▸ **Work instructions**
Set the material down again exactly, line by line, skipping each picture.

▸ **Data extract**

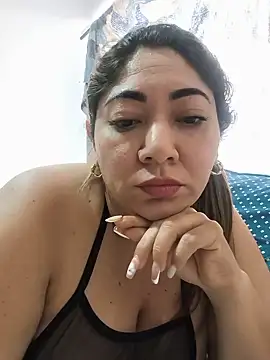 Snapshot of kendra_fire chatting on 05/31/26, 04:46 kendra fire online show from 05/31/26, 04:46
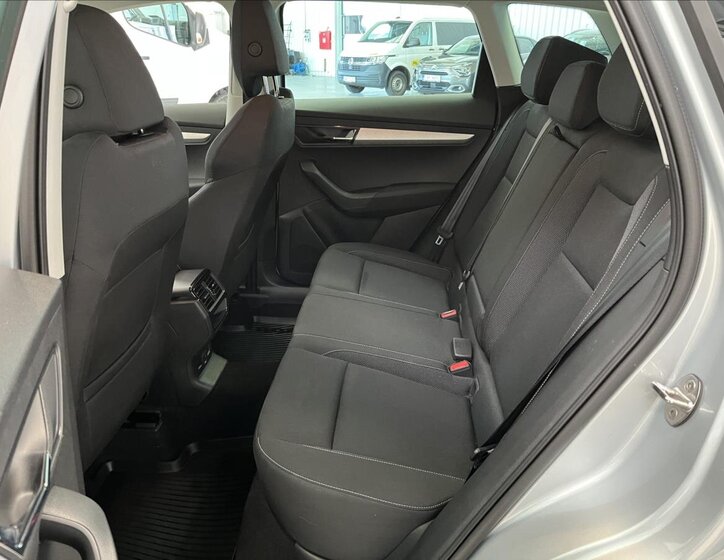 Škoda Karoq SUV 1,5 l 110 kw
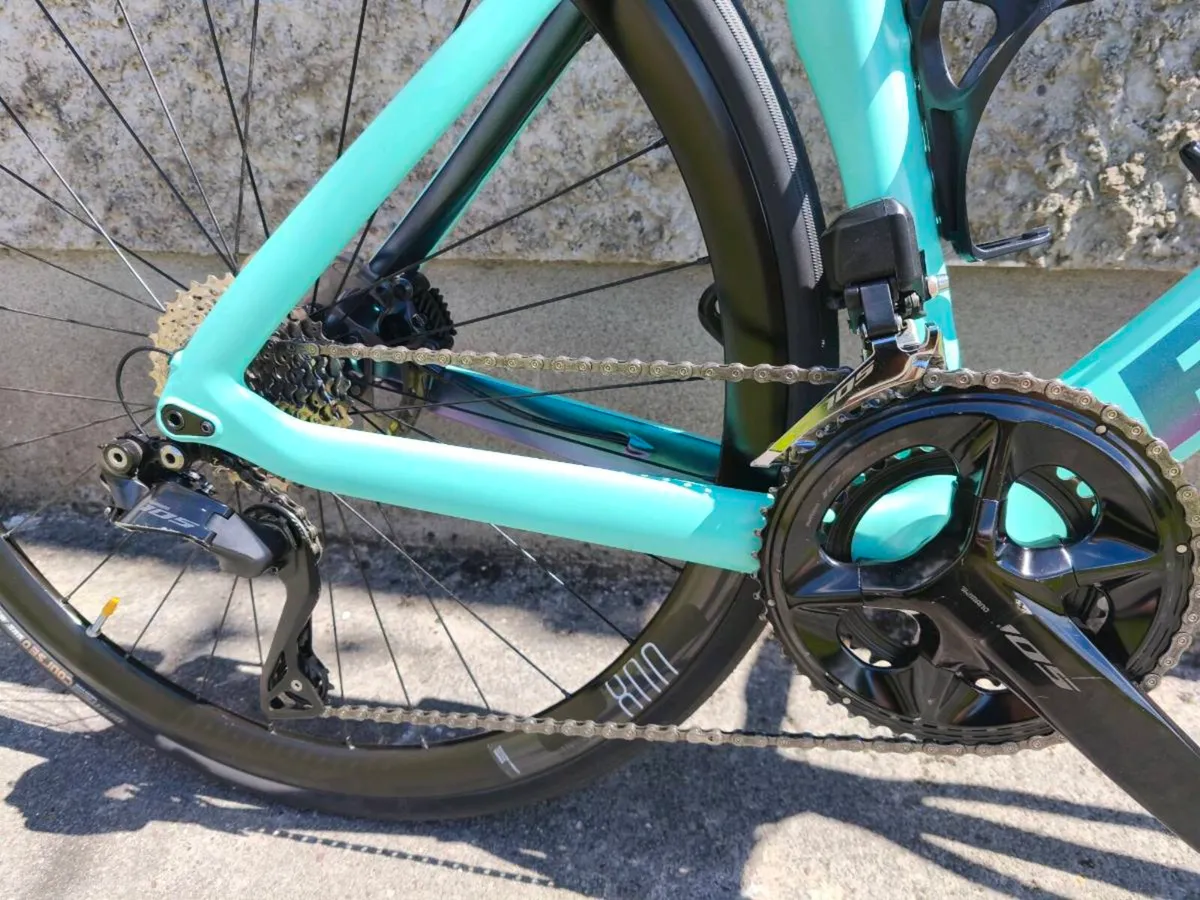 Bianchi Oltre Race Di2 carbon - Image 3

▸ **Result below**
 Snapshot of kendra_fire chatting on 05/31/26, 04:46 kendra fire online show from 05/31/26, 04:46
 Škoda Karoq SUV 1,5 l 110 kw
 Bianchi Oltre Race Di2 carbon - Image 3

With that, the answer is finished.